The best-selling military historian John Keegan
has recently published a book entitled Intelligence
in War. Although it only discusses the so-called War on Terror in passing,
it does, I think, contain a couple of important historical lessons that are
of immediate applicability to the current world situation.
Keegan describes the attempts by resistance movements during the Second World
War to disrupt the German occupation in France, the Netherlands, Poland, and
elsewhere. Although a kind of romantic ideal of the French Resistance (among
other resistance movements) grew up after the war, Keegan concludes that none
of these resistance movements had any significant effect in sabotaging the German
military or the economy of the occupied countries. "Resistance certainly
harmed the German occupiers scarcely at all," writes Keegan (345). The
Germans themselves appear to have been little concerned with these movements
and never considered them a threat. For example, they never bothered to divert
any regular army units to use against the resistance, and they devoted relatively
small resources to opposing irregulars.
At best these resistance movements were ineffectual, but Keegan goes further
and concludes that in most instances they were actually counterproductive. For
one thing, even though the Germans were not really concerned about sabotage,
the justification of looking for saboteurs provided the Germans with an excuse
for rounding up Jews and others whom they wished to eliminate anyway.
There have, of course, been widespread guerilla movements that have done real
damage – indeed, the current guerilla war in Iraq may be one such example. Yet,
the lesson from the German occupation of World War Two seems to be that bands
of saboteurs, even when supplied with weapons and explosives from opposing countries,
are unlikely to present any serious threat to disrupt a modern society.
The application of this lesson to the "war on terror" seems obvious.
If a large, well funded and well supplied group such as the French Underground
was unable to seriously damage the German economy or war machine, it is highly
doubtful that al-Qaeda cells potentially operating in the United States pose
a serious risk. The French Underground for example, enjoyed widespread popular
support, could easily blend in with the population and could rely on financial,
intelligence, and material support from major powers (including dropping weapons
and explosives from allied aircraft, and the direct participation of British
and American commandos). In comparison, al-Qaeda operations in North America
enjoy none of these advantages and seem pathetic in comparison.
One might argue that with the advent of atomic weapons a resistance movement
is potentially able to do far more damage today than one did 60 years ago. While
that is true, al-Qaeda has yet to acquire any such weapons. The basic weapons
at its disposal, small arms and explosives, are exactly the same sorts of weapons
used by saboteurs in World War Two.

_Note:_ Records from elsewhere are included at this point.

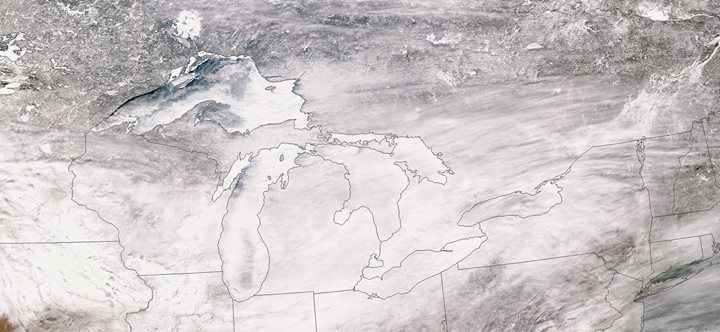 Winter Weather Freezes Great Lakes Shipping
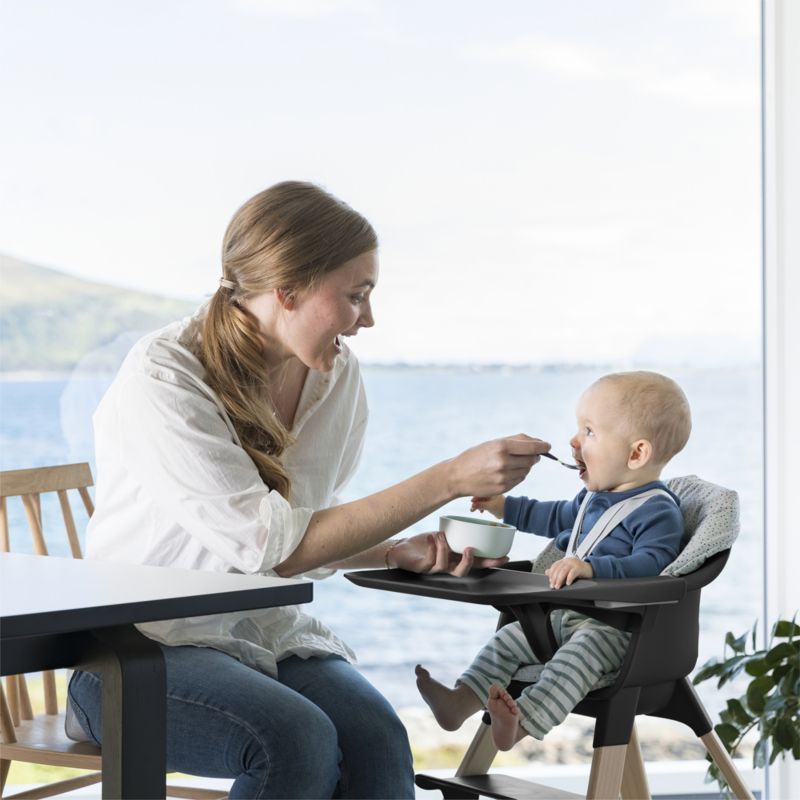 Stokke Clikk Black/Natural Baby High Chair with Adjustable Footrest - image 1 of 8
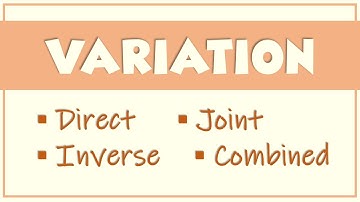 Direct, Inverse, Joint, and Combined Variation [Grade 9] | Ms Rosette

It is also safe to say that the vast majority
of "security measures" (such as metal detectors in airports and government
buildings, more police in train stations, on bridges, and so forth) are directed
precisely at the kind of small-scale sabotage using conventional explosives
that was used (ineffectively) 60 years ago.
This is not to argue that terrorists cannot cause real death and suffering,
but that the "struggle for survival" and "threat to our way of
life" language we often hear associated with the "war on terror"

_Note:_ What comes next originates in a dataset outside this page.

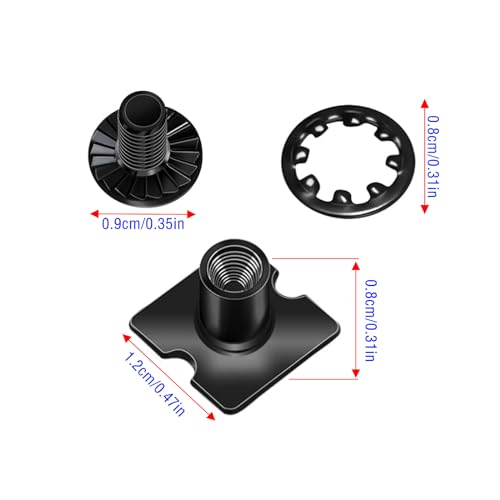 Football Back Plate Screws - Universal Fit, Black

is wildly exaggerated. The tens of billions of dollars a year being spent on
security measures need to be balanced with a realistic assessment of what terrorists
could actually accomplish, not with overblown rhetoric.

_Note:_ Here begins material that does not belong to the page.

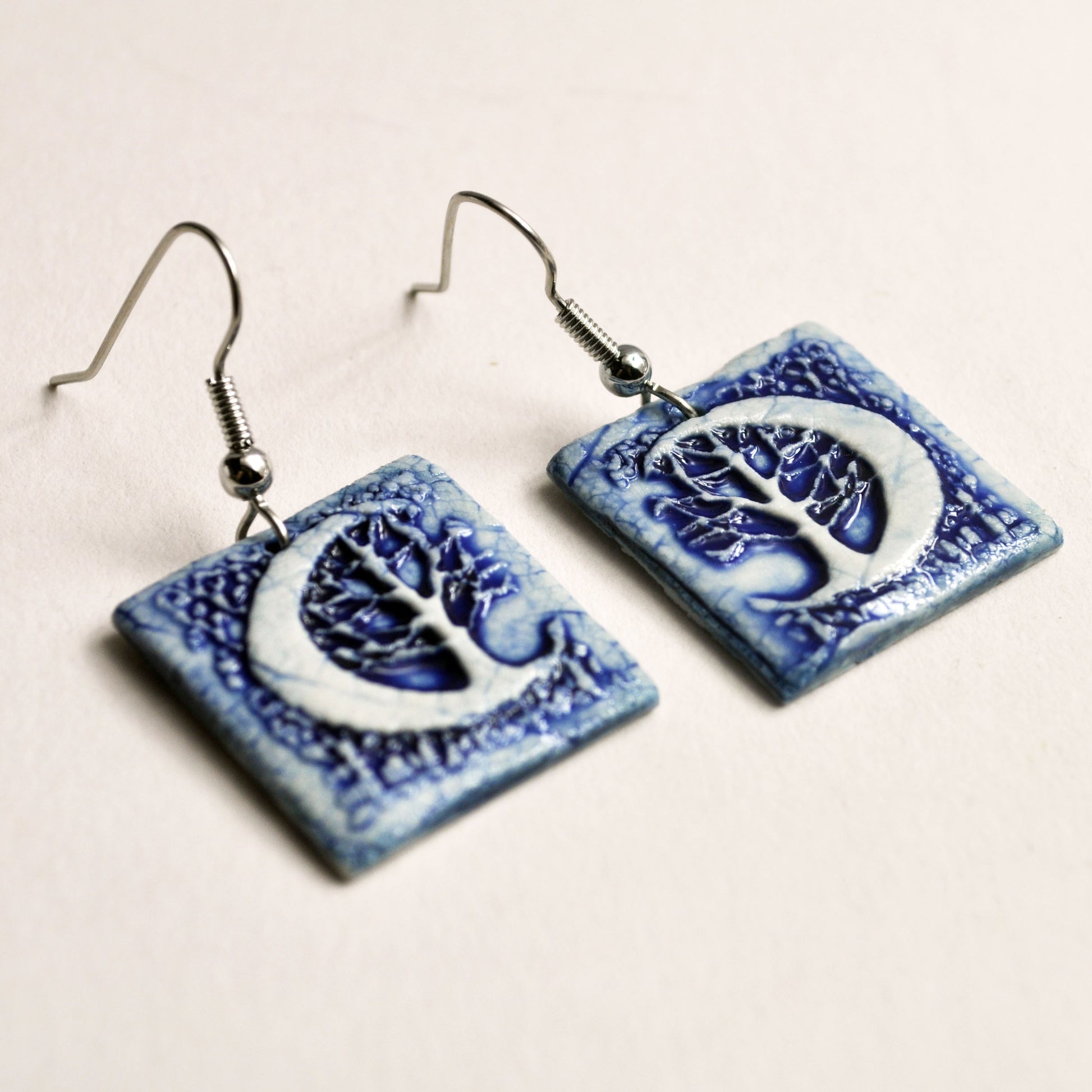 EMS727 Crescent Moon Tree Blue Square Earrings loose profile.jpg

Another point Keegan makes about the Second World War is the effect that the
Doolittle raid on Tokyo had on the Japanese military. As everyone knows, in
1942 the United States bombed Tokyo using long-range bombers launched from an
aircraft carrier. The planes did virtually no damage at all to Tokyo, but the
Japanese considered this an affront to their dignity that could not be permitted
to happen again, no matter what the cost. Important military resources were
diverted from actually fighting the war to protecting the Japanese home islands,
though it clearly violated any rational cost-benefit analysis. Instead of ignoring
the Doolittle pinprick, the Japanese changed their entire war strategy and were
provoked into risking (and ultimately losing) their carriers by attacking Midway.
In many ways, the terrorist attack on the World Trade Center seems much like
the Doolittle Raid on Tokyo. Although the loss of three thousand lives is a
tragedy, the hijacking of four flights and the destruction of two buildings
was of extremely minor significance from any objective standpoint. The direct
economic damage in an economy of $10 trillion was negligible. However, the cancellation
of over 150,000 commercial flights and the shutdown of the entire U.S. air network
for a week was not negligible. The launching of the whole "war on terror"
and the expenditure of tens of billions of dollars for this effort is not negligible.
Like the Japanese response to Doolittle, the actions taken probably do not
stand up to any rational cost-benefit analysis, but the actions taken are about
maintaining "national dignity," not about rationally weighing costs
Proponents of the war on terror seem to think that this is a new kind of war
unparalleled in history. That, of course, is nonsense. As military analyst Bill
Lind is constantly pointing out, this type of attack by small bands of non-state
actors is as old as the human race. The denial of historical antecedents, however,
may well prevent a rational analysis of the current situation.